What do you mean about setting manual timers for OTA? All of my local OTA channels show up in the channel guide just like the Dish channels. I think they are a different color, but that's it. I've always got the same program info via the OTA channels as the sat channels.


----------



## 47HO (Apr 11, 2008)

He means you would have to set timers manually for OTA if you did *not* have the EPG info.


----------



## fryguy503 (Sep 3, 2009)

Just a note* after 2/1 if locals are available in your area you will get them and there is no way to opt-out anymore and you will have to pay the $5 charge. If you currently do not have locals I suggest not contacting dish for anything, once it adds them we cannot remove them as it will keep auto-adding them.


----------



## SayWhat? (Jun 7, 2009)

^^^^ Based on what?


----------



## bnborg (Jun 3, 2005)

jzinckgra said:


> What do you mean about setting manual timers for OTA? All of my local OTA channels show up in the channel guide just like the Dish channels. I think they are a different color, but that's it. I've always got the same program info via the OTA channels as the sat channels.

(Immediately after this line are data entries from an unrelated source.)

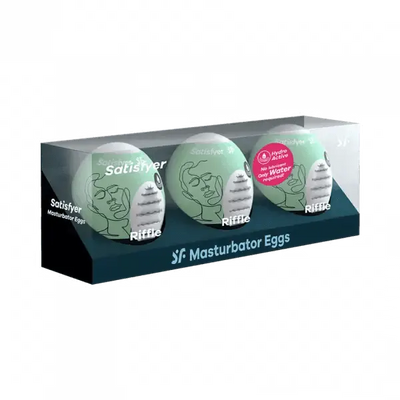 Satisfyer Masturbator Egg 3-Piece Set - (Riffle) Light Green - Dreamy Desire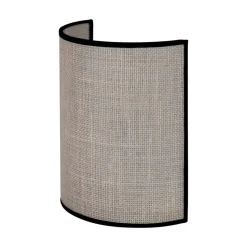 Euluna væglampe jute, hvid/sort, halvrund, højde 24 cm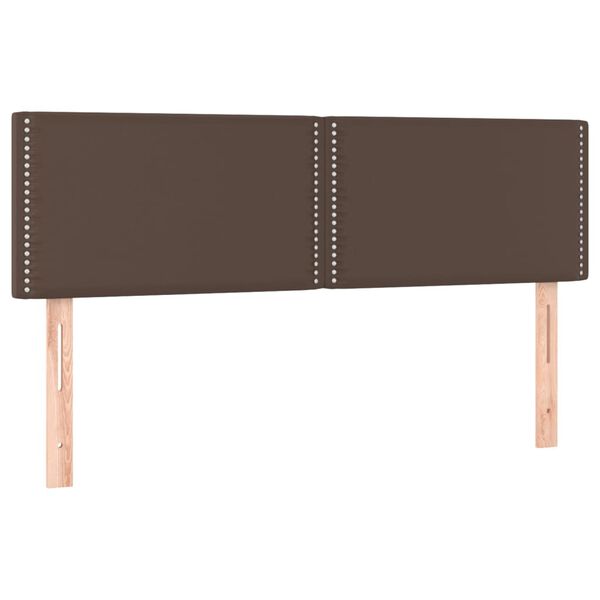 vidaXL T&ecirc;te de lit &agrave; LED Marron 144x5x78/88 cm Similicuir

Are you saying that you _DO NOT SUBSCRIBE_ to your locals from Dish, and still get them in the EPG?

If that is true, then it is news here. If not, it is the same as others here have been saying.


----------



## Stewart Vernon (Jan 7, 2005)

bnborg said:


> Are you saying that you _DO NOT SUBSCRIBE_ to your locals from Dish, and still get them in the EPG?
> 
> If that is true, then it is news here. If not, it is the same as others here have been saying.


OTA channels are in the EPG regardless of whether you subscribe to locals or not. But if you don't subscribe to locals, then instead of EPG data you get "Digital channel" or "no information".


----------



## bnborg (Jun 3, 2005)

Right.

So, having them listed in the EPG is useless, as far as being able to create timers. You still have to do it manually.


----------



## Stewart Vernon (Jan 7, 2005)

bnborg said:


> Right.
> 
> So, having them listed in the EPG is useless, as far as being able to create timers. You still have to do it manually.

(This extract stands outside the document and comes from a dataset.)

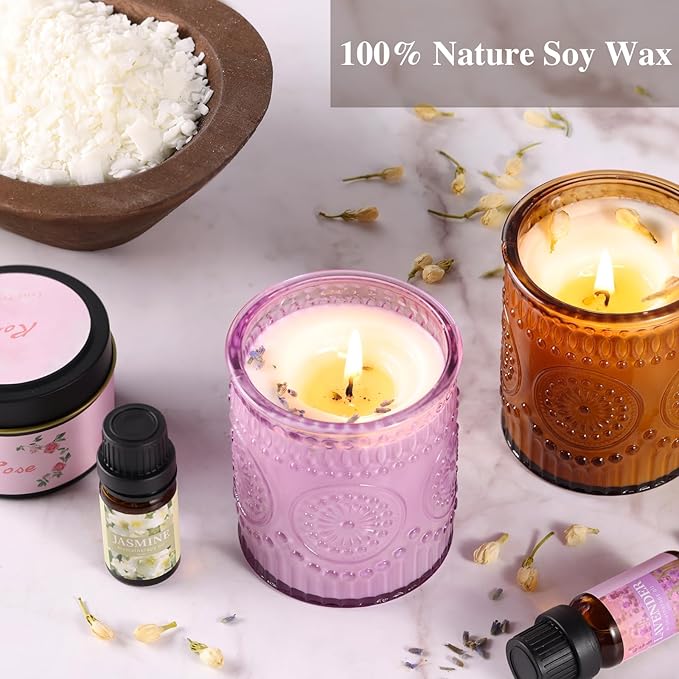 DARJEN Candle Making Kits - Soy Candles Making Supplies for Adults Including 4 Candle Jars(Clear, Pink, Amber, Purple), Candle Tins, Wax, Scents, Dried Flower & More, DIY Arts & Crafts Kits Home Decor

True... but I just didn't want there to be confusion when someone comes and posts that they see their OTA channels in the EPG but do not subscribe to locals.


----------



## SayWhat? (Jun 7, 2009)

Stewart Vernon said:


> OTA channels are in the EPG regardless of whether you subscribe to locals or not. But if you don't subscribe to locals, then instead of EPG data you get "Digital channel" or "no information".


Not necessarily. They don't show up in mine at all, not even in "All Channels". I don't even see that entire channel range.

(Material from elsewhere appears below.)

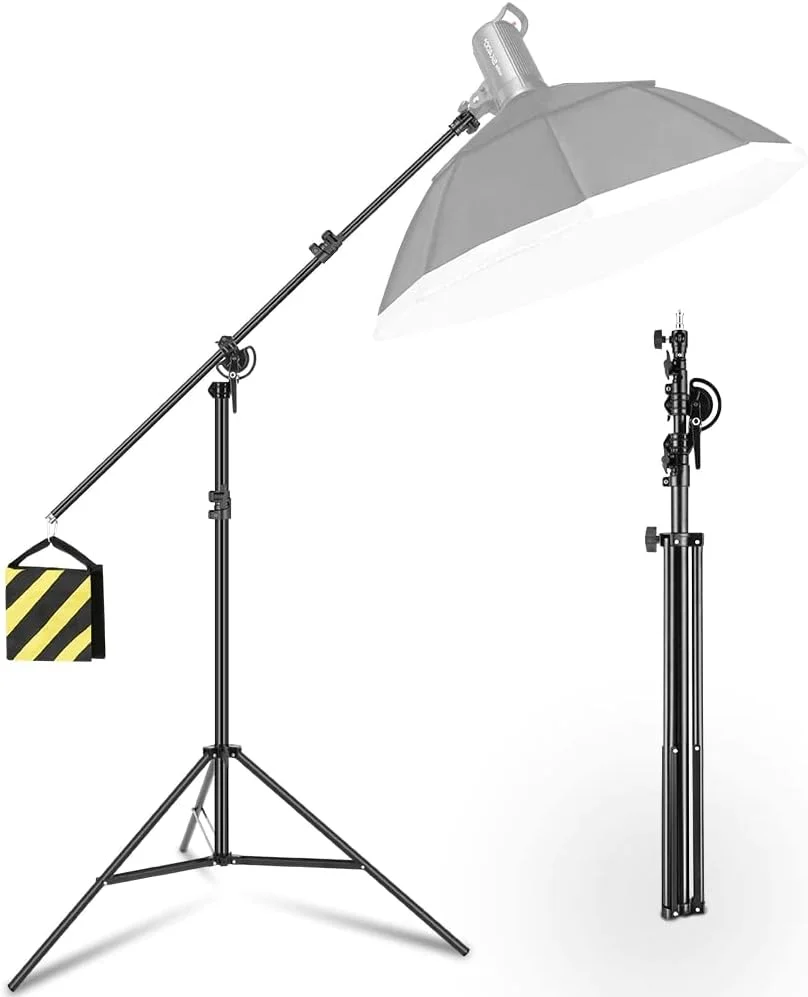 پایه نور سقفی بوم دار قابل تنظیم و چرخان آمبیتفول 375 سانتی متری به همراه کیسه شن و پیچ 1/4 3/4 مناسب برای نور LED استودیویی عکاسی و فیلمبرداری | آلومینیوم | وزن 4 کیلوگرم | حداکثر وزن قابل تحمل: 5 کیلوگرم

But that could be because they're on a different Satellite and I don't have the LNB for it.


----------



## JWKessler (Jun 3, 2004)

Just to clarify something here, if Dish does not offer locals for your area, you will not be able to get the guide data. From this discussion I had assumed I could opt to pay the locals charge just to get the guide data. That was an incorrect assumption.

The brand X service does provide the guide data, even when they don't provide the locals. That is one annoying minus for Dish.


----------



## Terry K (Sep 13, 2006)

fryguy503 said:


> Just a note* after 2/1 if locals are available in your area you will get them and there is no way to opt-out anymore and you will have to pay the $5 charge. If you currently do not have locals I suggest not contacting dish for anything, once it adds them we cannot remove them as it will keep auto-adding them.


THIS would keep me from signing up for DISH. I have no desire to put any money in the pockets of my lackluster local stations, so I opt out of locals. I won't pay for what I can get for free.


----------



## harsh (Jun 15, 2003)

Terry K said:


> THIS would keep me from signing up for DISH. I have no desire to put any money in the pockets of my lackluster local stations, so I opt out of locals. I won't pay for what I can get for free.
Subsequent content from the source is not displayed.